L’aboutissement d’un chemin politique et stratégique

Ces résultats sont aussi l’aboutissement d’un chemin politique et stratégique, entamé après l’élection présidentielle de 2017 où le candidat écologiste, Yannick Jadot, s’était retiré au profit de Benoît Hamon. Avaient suivi des législatives calamiteuses. Au creux de la vague, EELV avait, sous la direction de David Cormand, alors patron des Verts, suivi M. Jadot dans sa volonté d’autonomie en présentant une liste EELV aux élections européennes. Les écologistes avaient créé la surprise avec 13,5 % des voix et une troisième position derrière le Rassemblement national (RN) et La République en marche (LRM). Cette année, il s’agissait de confirmer et d’amplifier ce mouvement. C’est chose faite dimanche soir. « On a fait un travail de respectabilité, on n’a pas transigé avec le fond », se félicite un membre de la direction.

« On sort de nos zones de confort, on est capable de gagner dans des fiefs de gauche comme à Poitiers, mais aussi d’être la force propulsive pour battre LR et LRM comme à Bordeaux ou Lyon, note David Cormand. On devient une valeur refuge pour les électeurs En Marche ! qui ont rompu avec Macron, mais aussi pour un électorat de gauche qui voit que le récit social-démocrate classique est obsolète, intenable. Notre récit prend le pas sur la gauche productiviste. »

Car les résultats de dimanche rebattent les cartes à gauche. Le Parti communiste durablement affaibli par de nombreuses pertes de bastions (Saint-Denis, Aubervilliers, Choisy-le-Roi, Champigny-sur-Marne en banlieue parisienne, mais aussi Arles ou encore Saint-Pierre-des-Corps en Indre-et-Loire) et la quasi-absence de La France insoumise lors de ce scrutin laissent les écolos en tête-à-tête avec le Parti socialiste. Avec la razzia verte, une inversion du rapport de force est en train de se mettre en place. Les écologistes devenant la force principale, non pas par le poids de leur appareil, mais en imposant leurs thèmes.

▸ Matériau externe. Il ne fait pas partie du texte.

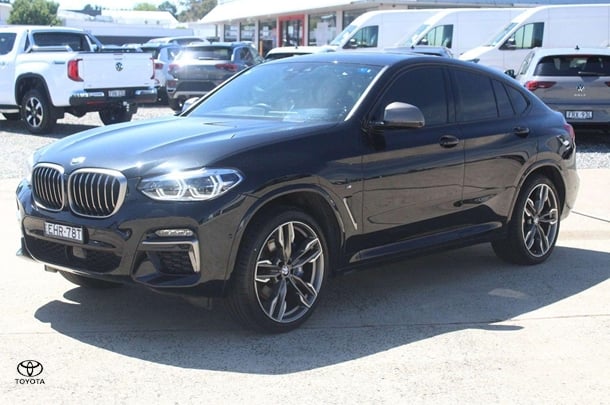 2019 BMW X4 M40i in Black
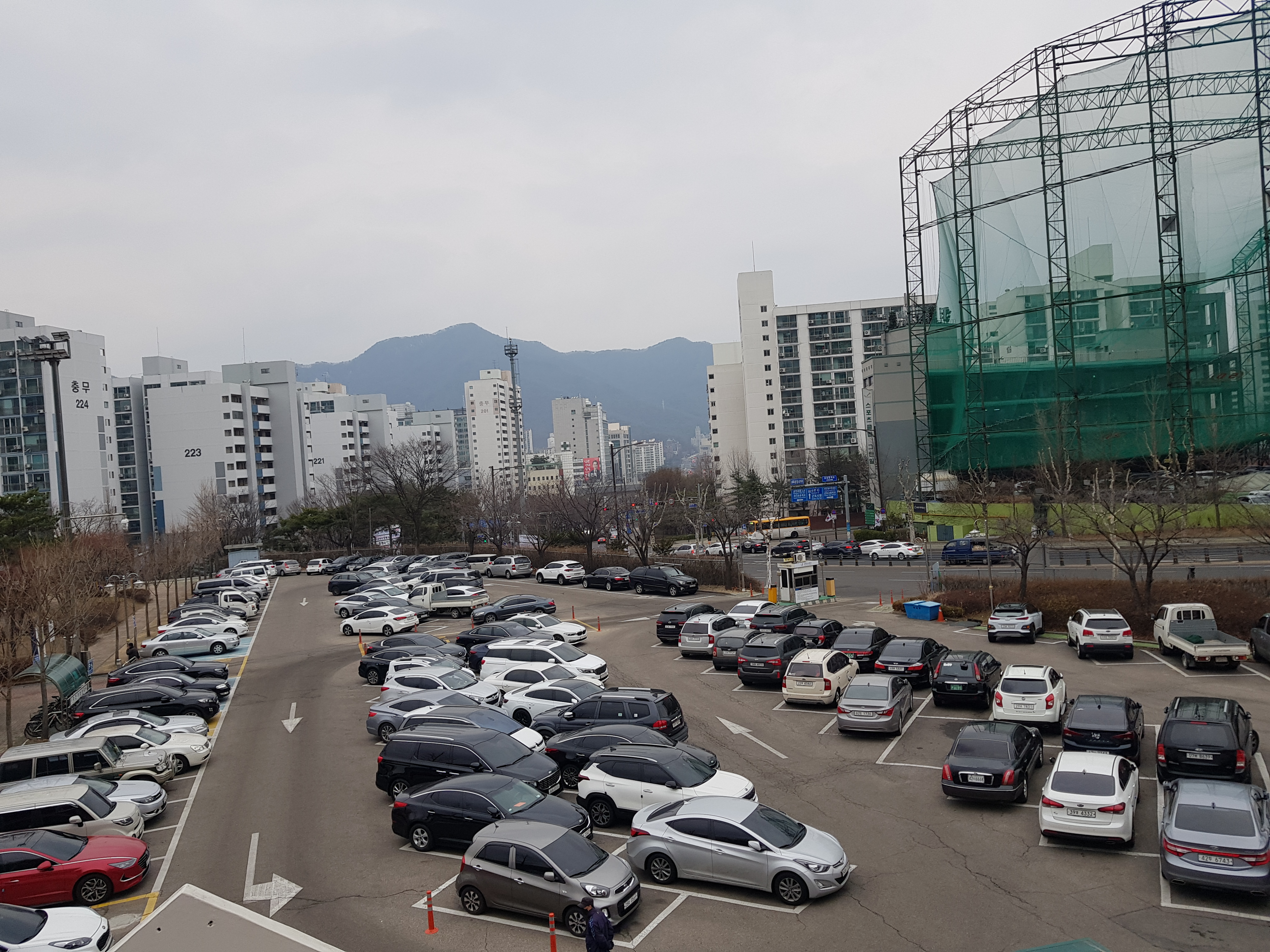시민체육광장 주차장…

« La question n’est pas celle de la concurrence avec le PS, confirme M. Jadot. L’alternance se fait autour de l’écologie. Là où l’on gagne, c’est avec des rassemblements larges, avec des projets qui ont trois pieds, l’écologie, la solidarité et la démocratie. Notre responsabilité est de rassembler autour de ce projet. » En clair : pas question pour EELV de chercher à être hégémonique et à froisser les camarades socialistes. L’élection municipale de cette année a pu ainsi être une sorte de répétition générale ayant permis de tester la formule gagnante puisque les Verts ont été à la tête de nombreuses coalitions, le PS acceptant de se retrouver derrière EELV. Un tel schéma pourrait très facilement se décliner lors de la présidentielle de 2022 avec un candidat écologiste soutenu par le PS.

« Le projet est plus important que les personnes »

Pour Sandra Regol, numéro deux d’EELV, il y a, en tout cas, de quoi espérer : « Le clivage politique se fait désormais autour du paradigme écologiste. Le projet est plus important que les personnes. Ce qui a gagné le 28 juin, ce sont des listes qui travaillent transversalement, avec les citoyens. Il y a une volonté de changement, c’est plus large qu’EELV. » Julien Bayou résume : « C’est l’écologie qui a le leadership, pas EELV. »

La position de force des écologistes et de leurs thèmes va également avoir des conséquences sur la politique du gouvernement. Dès l’annonce des résultats, les ténors Verts en ont profité pour demander à l’exécutif de transcrire en acte les propositions de la convention citoyenne pour le climat. L’Elysée a fait savoir que le chef de l’Etat apporterait des « réponses fortes » et « à la hauteur des enjeux et des attentes » en recevant lundi 29 juin les membres de la convention.